Styrofoam products trashed for good at county-run facilities 

With Styrofoam food containers permanently scrapped, San Mateo County supervisors on Tuesday turned their attention to their next environmental project: a "green collar" job training program for the county’s unemployed.

Supervisors on Tuesday voted unanimously to ban polystyrene foam and other nonrecyclable plastics on county property — including jails, the San Mateo Medical Center and its clinics, government buildings and the San Mateo Event Center. The ban, which is considered a first step to possibly outlawing Styrofoam in all unincorporated areas, also applies to vendors.

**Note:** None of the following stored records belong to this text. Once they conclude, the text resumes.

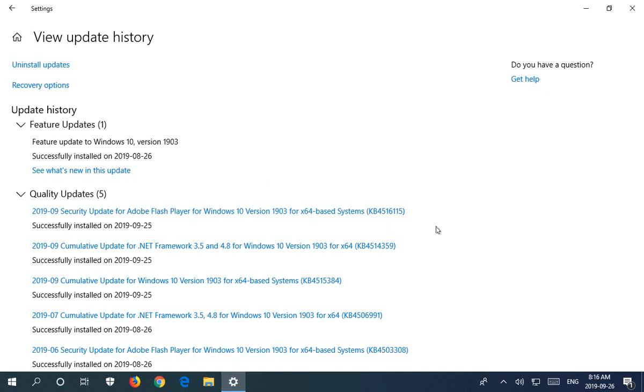Hopefully this has helped you find your update history in Windows 10. Thanks for watching and please subscribe.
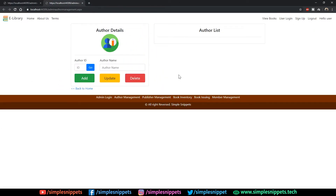Yo, what's going on guys, Tanma here for Simple Snippets and welcome back to the 9th video tutorial under the dynamic web application development course with ASP.NET and C-Sharp programming and MS SQL as the database with Bootstrap styling. Welcome back if you followed this entire playlist so far.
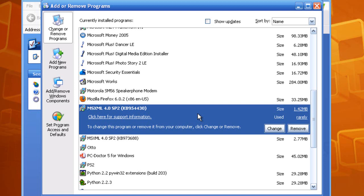If it happens to fail again, I would recommend removing it again and then going on the Microsoft website and getting the update from the site, not from the update being sent to your computer.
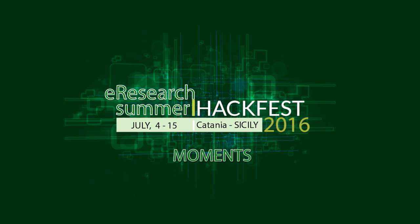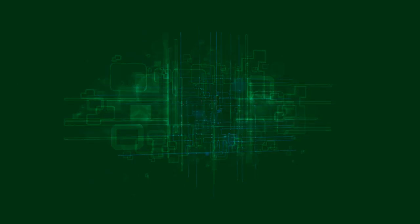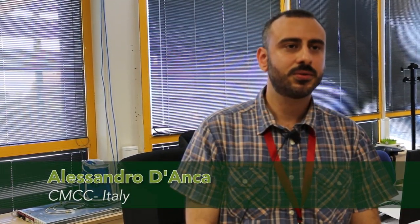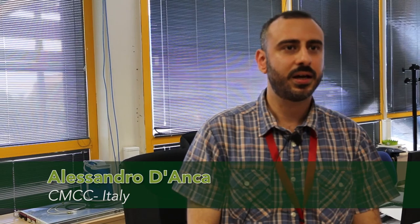My name is Alessandro Danca. I belong to CMCC, the Euro-Mediterranean Center on Climate Change Foundation, in particular the Advanced Scientific Computing Division. CMCC is an Italian nonprofit research institute established in 2005.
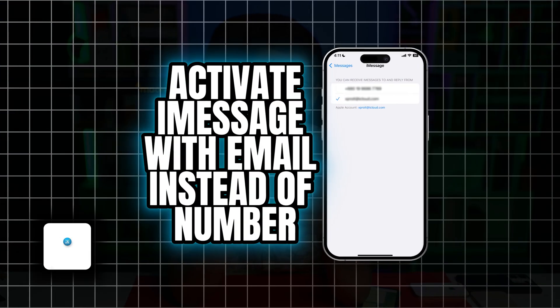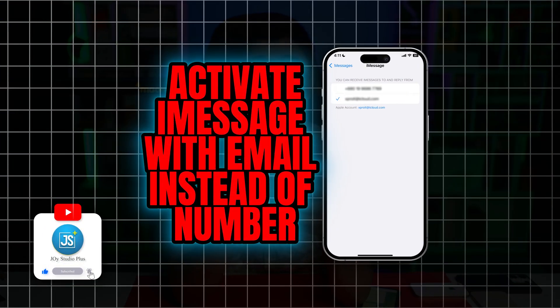Hi there, welcome back. Do you want to activate your iMessage only with your email but not with your number? In today's video, I'll show you how you can activate your iMessage only with your email or iCloud mail instead of your phone number. This is especially useful when you want to avoid giving your number to people you message.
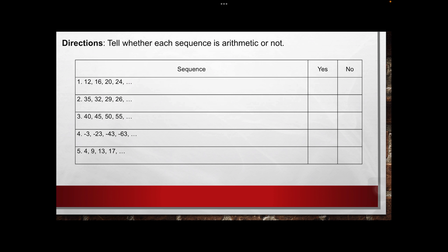For example, we have the sequence 12, 16, 20, and 24. If the given is arithmetic, you have to check yes. If the given is not arithmetic, you have to check no.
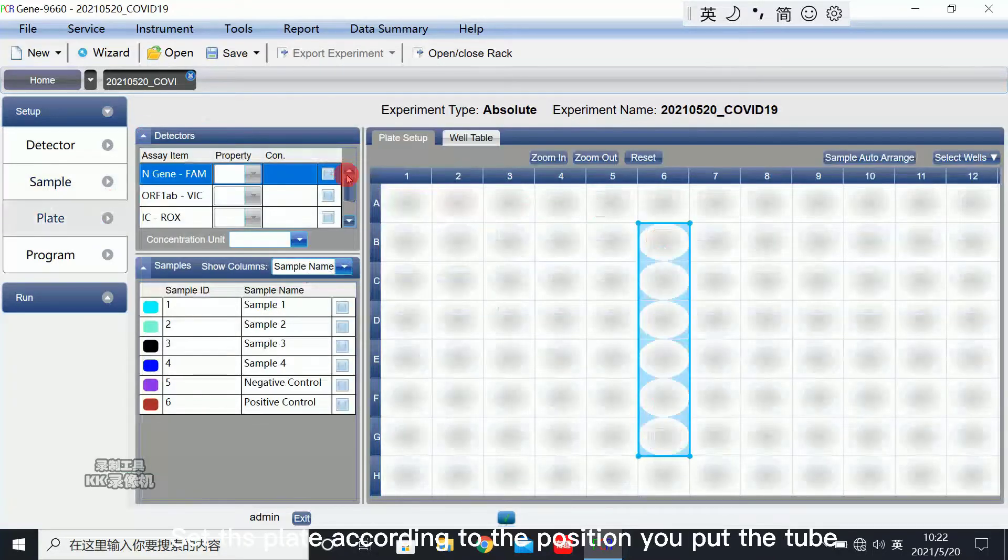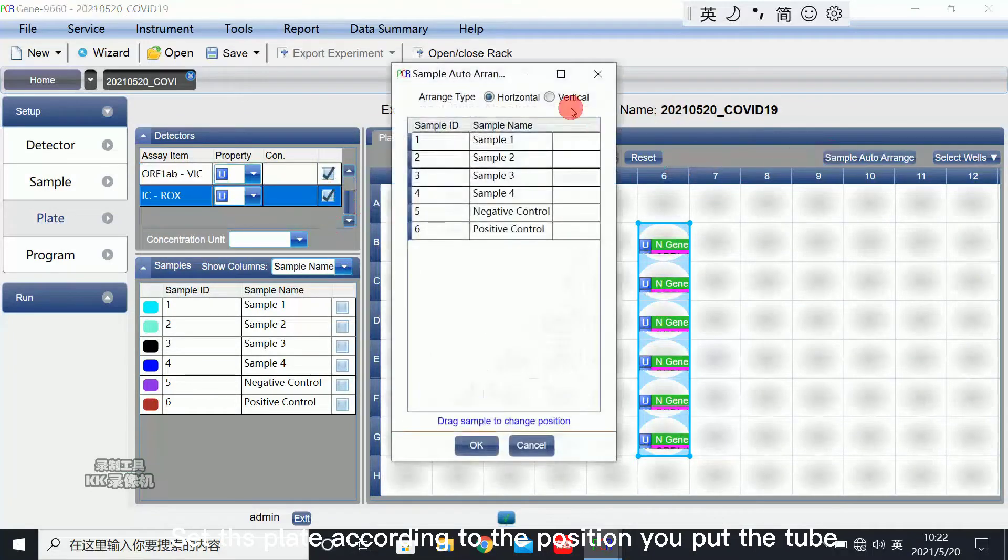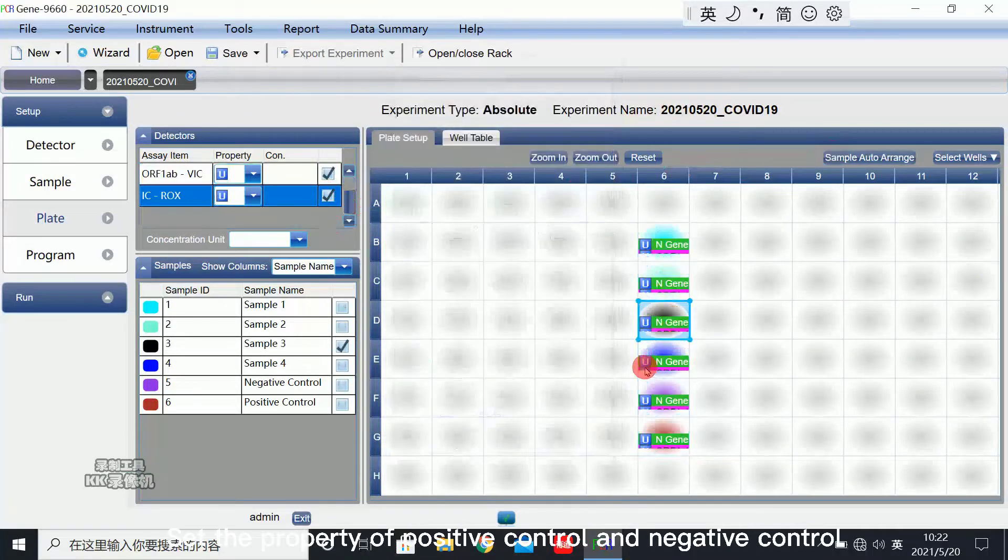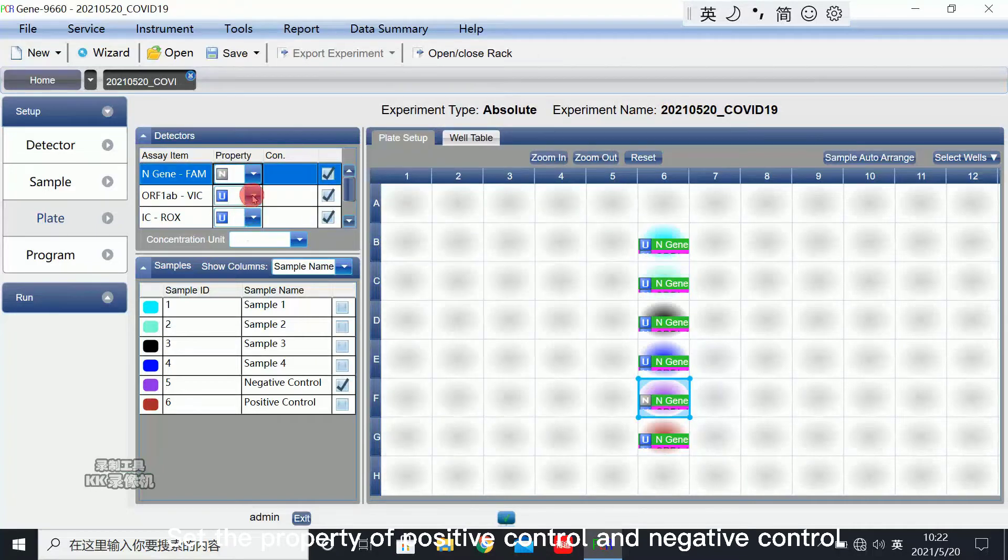Set the plate according to the position you put the tube. Set the property on positive control and negative control.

Supervisors also unanimously approved a separate resolution convening a Green Works Summit — the first step to creating the job training and placement program. Business owners, county and environmental officials will attend the summit.

The program will place those who may have barriers to employment —such as a criminal record or a lack of English skills — into manual labor jobs at eco-friendly businesses, said Supervisor Rose Jacobs Gibson, who proposed the legislation.

"We want to get in on the ground floor of what will be an emerging job market. We don’t want those without business degrees and college educations left behind," she said.

San Mateo County Human Services Agency Director Beverly Beasley Johnson said the county’s unemployment rate hovers at 4.2 percent, but it is much higher in the Peninsula’s pockets of poverty. In East Palo Alto, employment is 10.3 percent. In the North Fair Oaks neighborhood of unincorporated Redwood City, it stands at 10.3 percent, and it is just morethan 5 percent in Half Moon Bay.